Aim of the exercise -
A word-for-word printout of the whole listing is needed.

Record excerpts -
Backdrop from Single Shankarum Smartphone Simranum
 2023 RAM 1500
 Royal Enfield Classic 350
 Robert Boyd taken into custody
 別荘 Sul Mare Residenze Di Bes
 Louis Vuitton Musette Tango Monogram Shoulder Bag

Answer box -
Backdrop from Single Shankarum Smartphone Simranum
 2023 RAM 1500
 Royal Enfield Classic 350
 Robert Boyd taken into custody
 別荘 Sul Mare Residenze Di Bes
 Louis Vuitton Musette Tango Monogram Shoulder Bag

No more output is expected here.